What's New in the Optimized Build
The optimized version of NDM-TCP (ndm_tcp_lkm_optimized.c) introduces several low-level improvements over the standard v1.0 implementation while maintaining the same algorithmic approach.
Key Optimizations
1. AVX/SIMD Acceleration
The optimized version includes x86_64 AVX intrinsics for neural network forward pass computation. When available, the first hidden layer computation uses vectorized vpmaddwd and vphaddd instructions to parallelize multiply-accumulate operations across input features.

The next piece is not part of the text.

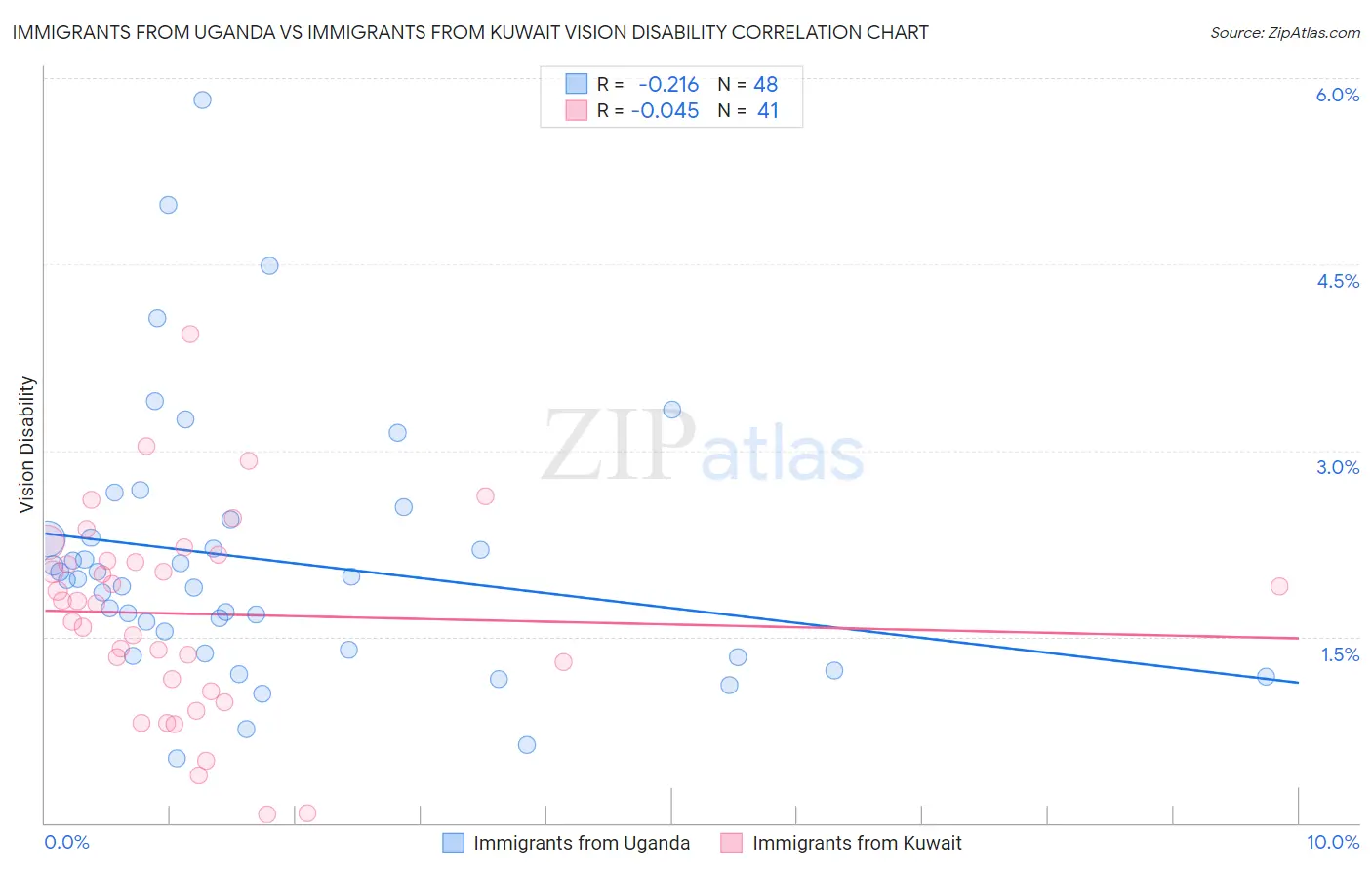 Immigrants from Uganda vs Immigrants from Kuwait Vision Disability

2. Reduced Memory Footprint
- RTT history window compressed from 16 to 8 slots
- Hidden layer reduced from 8 to 4 neurons
- Input features streamlined from 8 to 6
- Total struct size optimized to exactly 64 bytes (ICSK_CA_PRIV_SIZE limit)
3. LUT-Based Activation Functions
Pre-computed lookup tables replace runtime calculations for tanh and sigmoid, trading ~500 bytes of read-only memory for faster activation.
4. Fast Entropy Calculation
Histogram binning uses fixed-point arithmetic and bit shifts instead of floating-point division, with an 8-bin LUT for entropy values.
5. Computation Caching
When network conditions are stable (low entropy, high plasticity), the module reuses the previous cwnd delta for up to 8 consecutive ACKs, skipping neural network inference.
Important Disclaimers
This optimized version does NOT represent actual performance gains from the real NDM-TCP v1.0 algorithm. The optimizations here are purely implementation-level improvements for compilation and runtime efficiency. The core congestion control logic and performance characteristics remain conceptually similar to the standard version.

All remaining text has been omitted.